Either Ed Miliband is struggling to understand the basics or his ideology is spiralling out of control.
The latest Labour pledge:
Labour would cap the amount of profit private firms can make from the NHS, Ed Miliband will say as he launches the party’s election campaign.
He will pledge to halt the “drive to privatisation” he claims has taken place in the health service since 2010.
The future of the NHS is “on the ballot paper” and only Labour can guarantee the funding it needs, he will say.
Under his plans, private firms will have to reimburse the NHS if they exceed a 5% profit cap on contracts.
Companies make profit by keeping costs as low as possible while producing a product or service that people want (and ideally choose) to consume. Apologies for the simplicity, but apparently Ed needs it.
Pledging to fix levels of profit that a company can make ruins any motivation for the company to bring costs down. Given the NHS’s current financial situation, Miliband should not be so quick to toss aside the importance of efficiency gains.
Nor should he be ignorant of private firm’s impacts on patient outcomes.

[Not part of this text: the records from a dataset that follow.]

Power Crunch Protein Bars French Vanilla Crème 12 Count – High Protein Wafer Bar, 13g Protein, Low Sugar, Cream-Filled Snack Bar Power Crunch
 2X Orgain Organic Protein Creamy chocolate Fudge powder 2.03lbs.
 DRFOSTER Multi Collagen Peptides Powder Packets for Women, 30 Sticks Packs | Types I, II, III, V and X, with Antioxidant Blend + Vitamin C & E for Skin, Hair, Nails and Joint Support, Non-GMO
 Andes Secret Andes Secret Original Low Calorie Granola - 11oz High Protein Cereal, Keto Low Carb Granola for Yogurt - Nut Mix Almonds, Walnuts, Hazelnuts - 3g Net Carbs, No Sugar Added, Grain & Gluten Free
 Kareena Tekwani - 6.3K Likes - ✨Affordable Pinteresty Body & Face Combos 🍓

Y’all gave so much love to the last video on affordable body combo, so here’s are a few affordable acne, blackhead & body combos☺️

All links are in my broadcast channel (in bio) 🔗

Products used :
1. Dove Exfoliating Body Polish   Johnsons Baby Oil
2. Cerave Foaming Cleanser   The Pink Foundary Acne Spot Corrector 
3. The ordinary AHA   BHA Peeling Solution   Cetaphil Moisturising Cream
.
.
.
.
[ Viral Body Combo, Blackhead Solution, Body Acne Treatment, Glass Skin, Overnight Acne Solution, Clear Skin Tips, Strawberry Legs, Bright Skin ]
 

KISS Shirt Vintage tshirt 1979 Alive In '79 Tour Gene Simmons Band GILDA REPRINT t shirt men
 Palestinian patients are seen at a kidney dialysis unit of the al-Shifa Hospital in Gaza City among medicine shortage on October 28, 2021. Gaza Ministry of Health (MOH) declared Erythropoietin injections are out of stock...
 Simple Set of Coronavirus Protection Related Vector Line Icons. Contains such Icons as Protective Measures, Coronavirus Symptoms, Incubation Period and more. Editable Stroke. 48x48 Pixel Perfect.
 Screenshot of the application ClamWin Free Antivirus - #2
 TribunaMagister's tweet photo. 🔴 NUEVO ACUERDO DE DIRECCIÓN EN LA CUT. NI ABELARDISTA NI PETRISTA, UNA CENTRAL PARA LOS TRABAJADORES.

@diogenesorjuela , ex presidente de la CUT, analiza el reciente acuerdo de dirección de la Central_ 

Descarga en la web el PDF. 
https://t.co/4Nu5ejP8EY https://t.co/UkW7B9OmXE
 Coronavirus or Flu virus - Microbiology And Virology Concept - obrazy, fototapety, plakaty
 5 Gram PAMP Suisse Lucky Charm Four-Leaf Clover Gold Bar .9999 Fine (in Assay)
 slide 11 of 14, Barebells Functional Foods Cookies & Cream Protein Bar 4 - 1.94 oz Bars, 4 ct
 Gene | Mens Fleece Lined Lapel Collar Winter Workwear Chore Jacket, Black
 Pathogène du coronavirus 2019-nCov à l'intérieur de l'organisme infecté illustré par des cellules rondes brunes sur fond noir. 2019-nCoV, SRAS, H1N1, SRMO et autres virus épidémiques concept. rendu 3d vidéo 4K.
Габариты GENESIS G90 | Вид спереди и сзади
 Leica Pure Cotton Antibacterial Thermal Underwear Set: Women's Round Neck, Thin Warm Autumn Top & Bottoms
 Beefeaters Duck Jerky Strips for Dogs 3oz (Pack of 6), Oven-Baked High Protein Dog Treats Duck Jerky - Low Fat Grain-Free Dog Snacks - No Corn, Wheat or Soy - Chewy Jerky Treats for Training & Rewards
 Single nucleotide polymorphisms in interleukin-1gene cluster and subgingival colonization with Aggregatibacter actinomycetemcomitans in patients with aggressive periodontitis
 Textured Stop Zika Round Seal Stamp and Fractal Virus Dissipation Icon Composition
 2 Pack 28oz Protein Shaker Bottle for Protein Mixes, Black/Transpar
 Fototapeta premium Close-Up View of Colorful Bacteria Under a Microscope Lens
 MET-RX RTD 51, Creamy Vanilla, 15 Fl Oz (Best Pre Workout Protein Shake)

Private firms are hardly private when working for the NHS; they are still under the jurisdiction of NHS bureaucracy and are often dependent on public funds for their operations. But where private firms and independent sector treatment centres do differ from the public sector is in their record on patient outcomes. Research from 2011 showed that ISTC surgery patients are healthier and experience less severe recovery conditions than patients undergoing the same surgeries with NHS providers.
Furthermore, Circle’s management of Hitchingbrooke Hospital turned a failing trust into one of the highest ranked hospitals for patient happiness and cut waiting times drastically; their recent failings were not a result of bad healthcare but rather bad business.
One of the reasons Circle reneged on its government contract is because it’s a struggle to make efficiency gains under NHS regulations as they currently exist; if Labour gets its way, this will become nearly impossible.
Miliband’s attack on privatization and profit is an ideological attack on buzzwords; unfortunately, his crackdown could have real affects on patient outcomes.